• The problem: Omit every picture and output the rest of the records exactly as they are.

• Data for review:
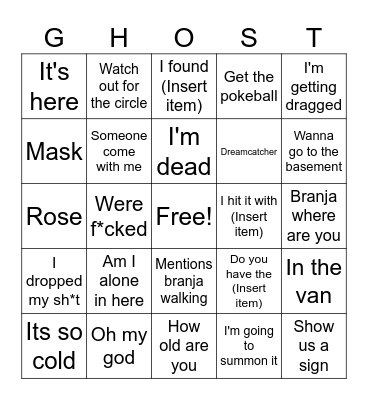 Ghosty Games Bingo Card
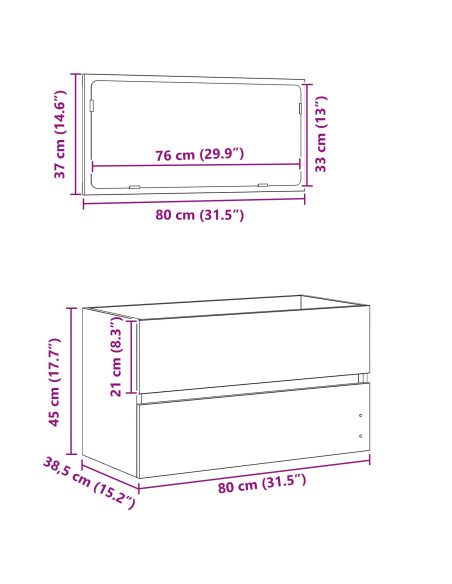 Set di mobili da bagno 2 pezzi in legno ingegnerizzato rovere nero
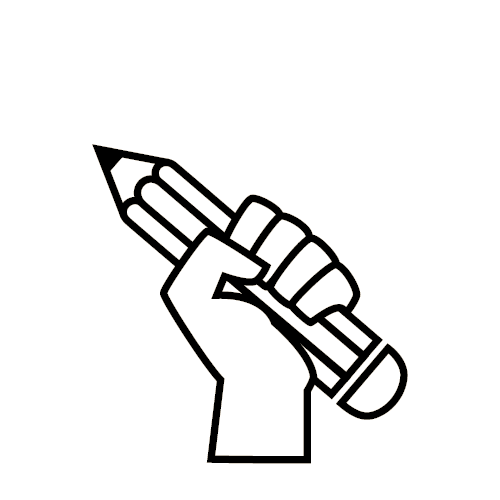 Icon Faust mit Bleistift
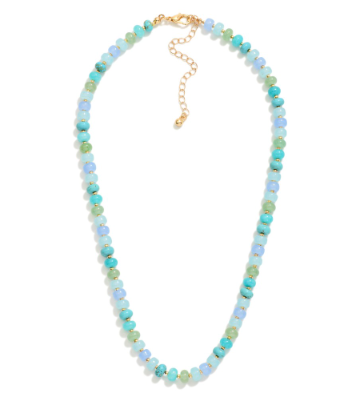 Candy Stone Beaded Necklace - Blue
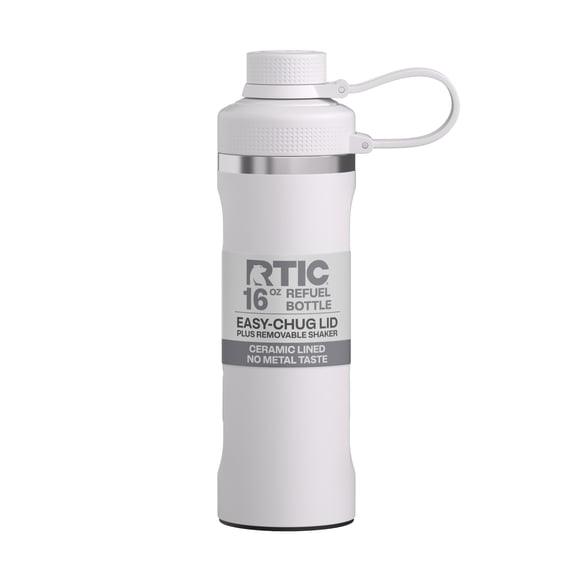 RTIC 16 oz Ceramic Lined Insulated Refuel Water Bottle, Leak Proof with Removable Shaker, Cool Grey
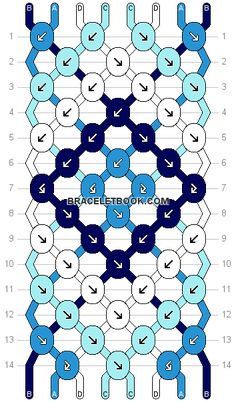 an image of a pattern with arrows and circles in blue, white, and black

• Worked solution:
 Ghosty Games Bingo Card
 Set di mobili da bagno 2 pezzi in legno ingegnerizzato rovere nero
 Icon Faust mit Bleistift
 Candy Stone Beaded Necklace - Blue
 RTIC 16 oz Ceramic Lined Insulated Refuel Water Bottle, Leak Proof with Removable Shaker, Cool Grey
 an image of a pattern with arrows and circles in blue, white, and black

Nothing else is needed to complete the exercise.